A retórica homofóbica

A retórica homofóbica
(Foto: Lula Marques/Agência PT)

 

Examinar as coisas ditas e os modos de dizer e não crer em quem as disse. Esta é uma tarefa incontornável da crítica. Uma das valiosas lições de Michel Foucault indica esse mesmo caminho: interrogar a linguagem, não na direção para a qual ela remete, mas na dimensão histórica e social que a constitui. A conhecida anedota ilustra isso muito bem: quando Pedro fala de Paulo, sabemos mais de Pedro do que de Paulo. O discurso é algo raro. Condicionado por fatores culturais, históricos e sociais, Pedro escolhe dizer algo específico sobre Paulo e o faz de certo modo, em detrimento de tantas outras coisas que a língua e a lógica lhe permitiriam dizer.

Os discursos materializam as ideologias das classes e grupos de uma sociedade, mas também as crenças, as sensibilidades e os afetos dos sujeitos. A despeito de sua complexidade e dos cruzamentos em suas fronteiras, eles poderiam grosso modo ser divididos entre os que pregam a discriminação e mesmo a exclusão das diferenças étnicas, econômicas, sociais e sexuais, por um lado, e os que defendem a inclusão dessas diferenças, por outro. Nesse sentido, o que dizemos e as formas como enunciamos revelam muito mais de nossa sociedade e nós mesmo do que costumamos supor.

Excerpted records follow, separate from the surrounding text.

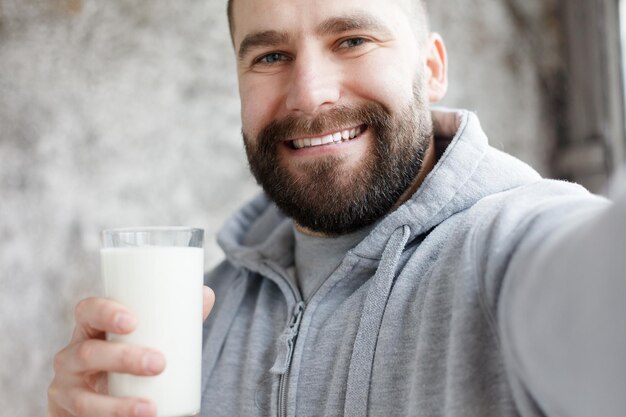 Sport, health, people, emotions, 4K and lifestyle concept - Young man drinks and lick off white mustache. young man drinks smoothie bit of whipped cream stays on his face after he finishes drinking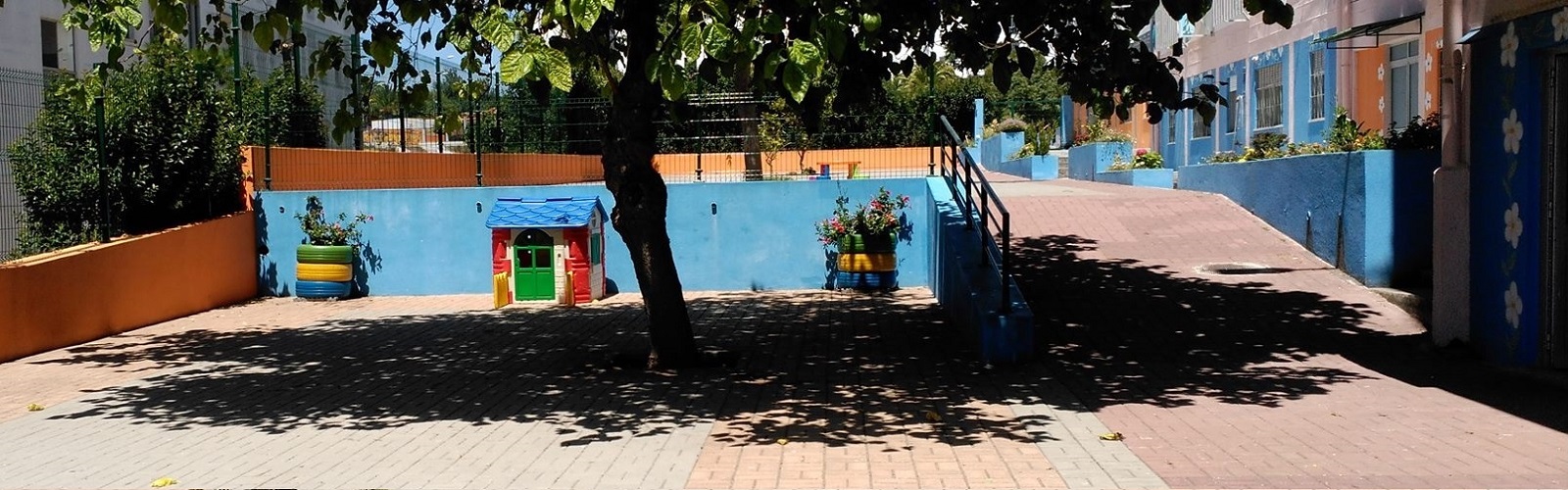Preschool playground with colorful playhouse and tire planters
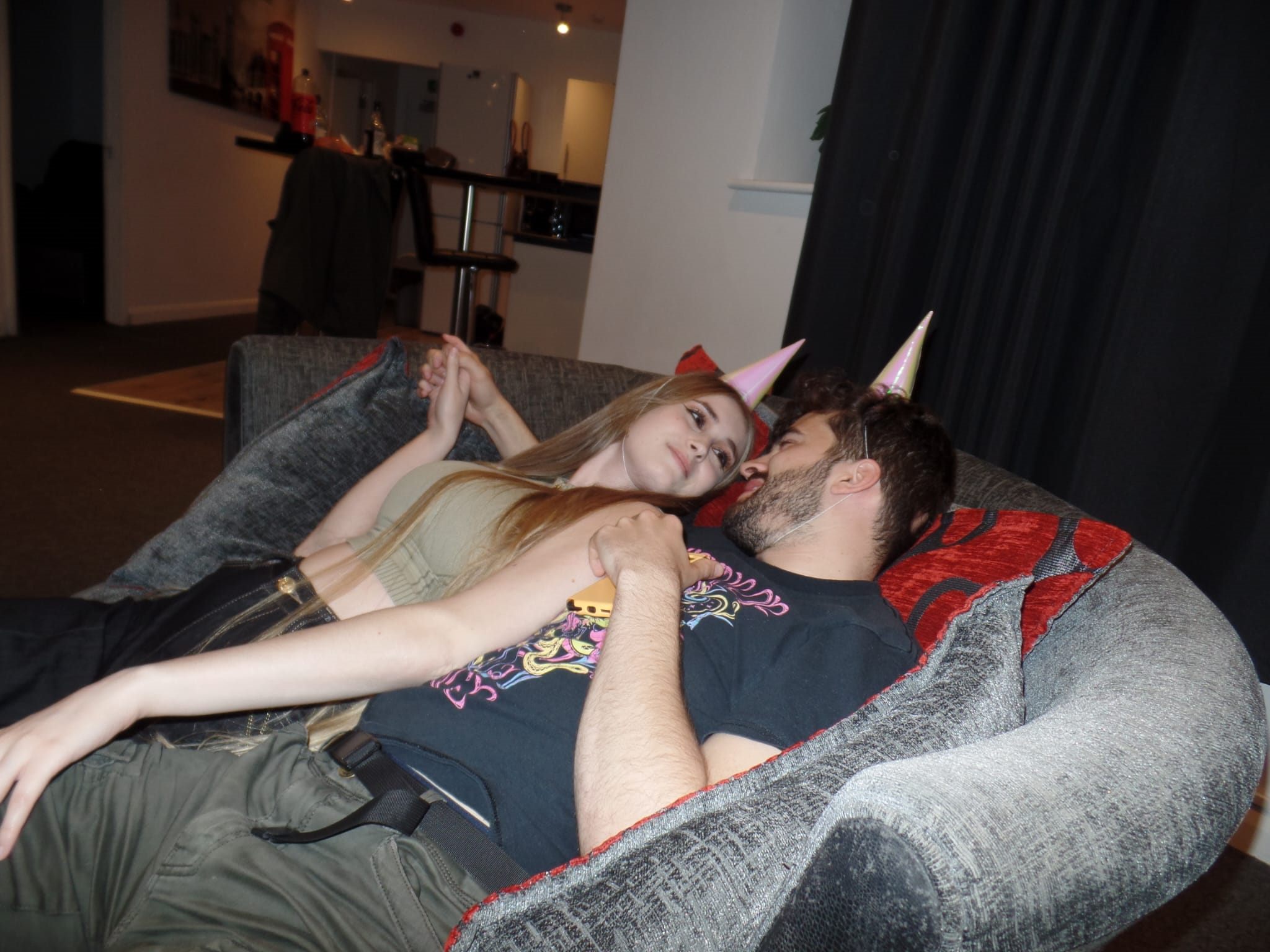 Callum and Celina in party hats on a sofa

Em condições históricas de retrocessos políticos e comportamentais, os discursos da exclusão certamente encontram um solo mais fértil para sua reprodução. Mas, tais discursos não desaparecem nos contextos de conquistas inclusivas. Era este o cenário no início do terceiro mandato consecutivo do Partido dos Trabalhadores na presidência da República: várias políticas afirmativas já haviam sido instauradas e outras começavam a ser propostas e implantadas.

Foi nesse contexto político que o então deputado federal Jair Bolsonaro aproveitou-se do anúncio de uma ação governamental de combate à homofobia para atrair os holofotes da mídia e encobrir sua medíocre atuação parlamentar. Sua estratégia consistiu em reproduzir conhecidos elementos da retórica homofóbica, uma das mais segregadoras, entre tantas que circulam em sociedades profundamente injustas, desiguais e excludentes como a brasileira. A força e o alcance das ideias e condutas heteronormativas são fundamentais para a adesão aos discursos do preconceito contra as sexualidades não conformistas.

Foi principalmente no início de seu sexto mandato que Bolsonaro adquiriu protagonismo no cenário nacional, por meio da oposição ao projeto que tornava crime a homofobia. Sua atuação ajudou a impor uma derrota ao Ministério da Educação, que pretendia distribuir material anti-homofóbico nas escolas, em 2011. Para a promoção de Bolsonaro, a cobertura e a repercussão midiática foram fundamentais.

Entre tantas outras, houve essas duas circunstâncias nas quais grandes veículos da mídia abriram espaço para a manifestação de sua posição: “O deputado Jair Bolsonaro (PP-RJ) protagonizou um novo bate-boca na Câmara nesta quarta-feira, ao criticar homossexuais durante uma audiência sobre segurança pública. Bolsonaro voltou a dizer que nenhum pai pode ‘ter orgulho de ter um filho gay’ e atacou o ‘kit gay’, material anti-homofobia que o Ministério da Educação estuda distribuir às escolas” (Folha de São Paulo, 27 de abril de 2011).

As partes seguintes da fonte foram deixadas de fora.